Given records section start
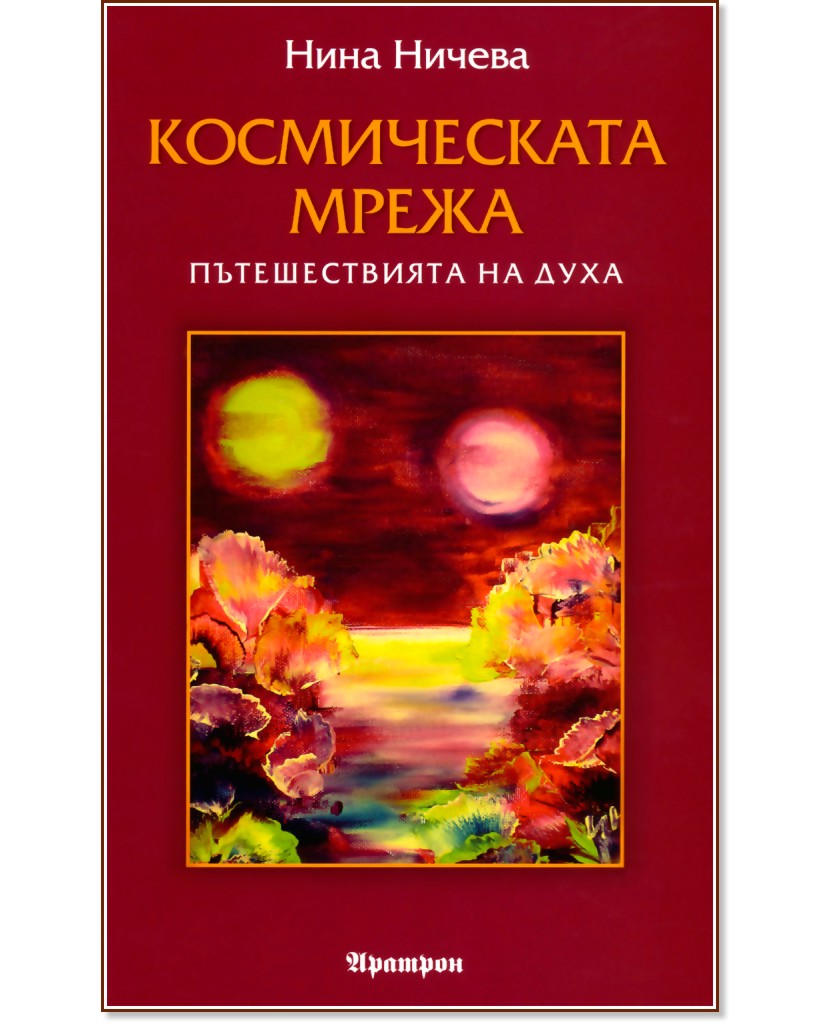 Космическата мрежа - Нина Ничева - книга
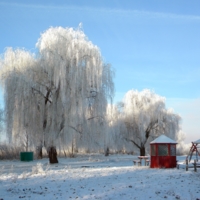 Зимние зарисовки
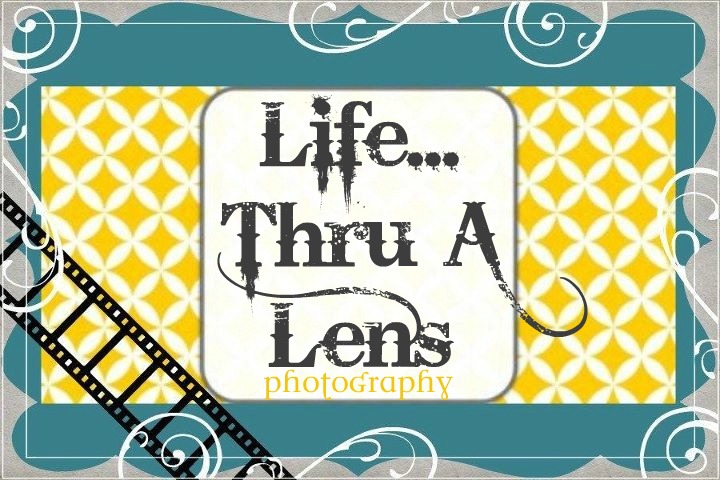 Life Thru A Lens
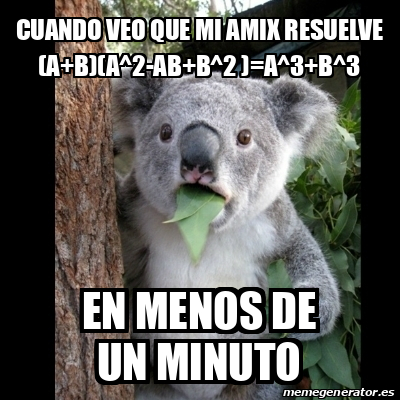 Meme Koala CUANDO VEO QUE MI AMIX RESUELVE A B A 2 AB B 2 A 3 B 3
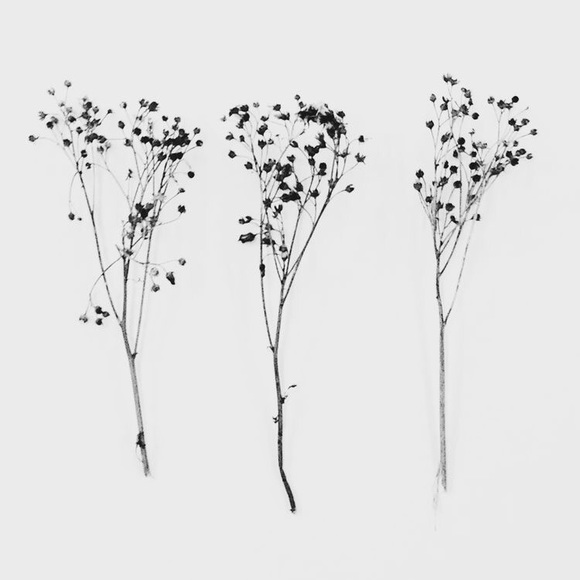 Meet your Posher, Shelby - Picture 7 of 8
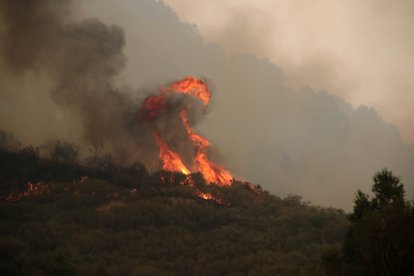 Incendio en Fasgar (León)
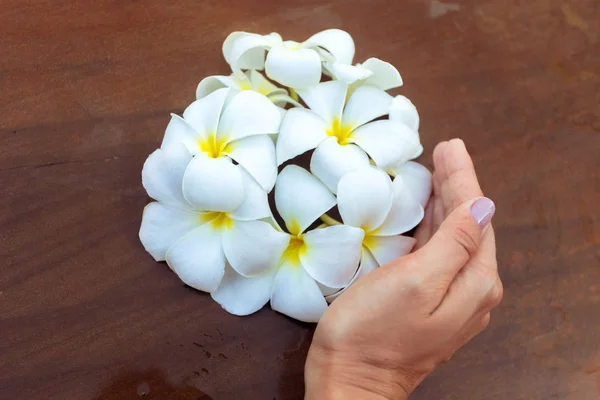 Kwiat Plumerii Kobiecej Dłoni — Zdjęcie stockowe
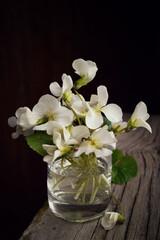 Bouquet of white flowers on a dark background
Given records section end
### Task directions:
Could you return each line, unchanged, from the line containing "Meme Koala CUANDO" through the last line of the entries above, leaving out the pictures?

### Response below:
 Meme Koala CUANDO VEO QUE MI AMIX RESUELVE A B A 2 AB B 2 A 3 B 3
 Meet your Posher, Shelby - Picture 7 of 8
 Incendio en Fasgar (León)
 Kwiat Plumerii Kobiecej Dłoni — Zdjęcie stockowe
 Bouquet of white flowers on a dark background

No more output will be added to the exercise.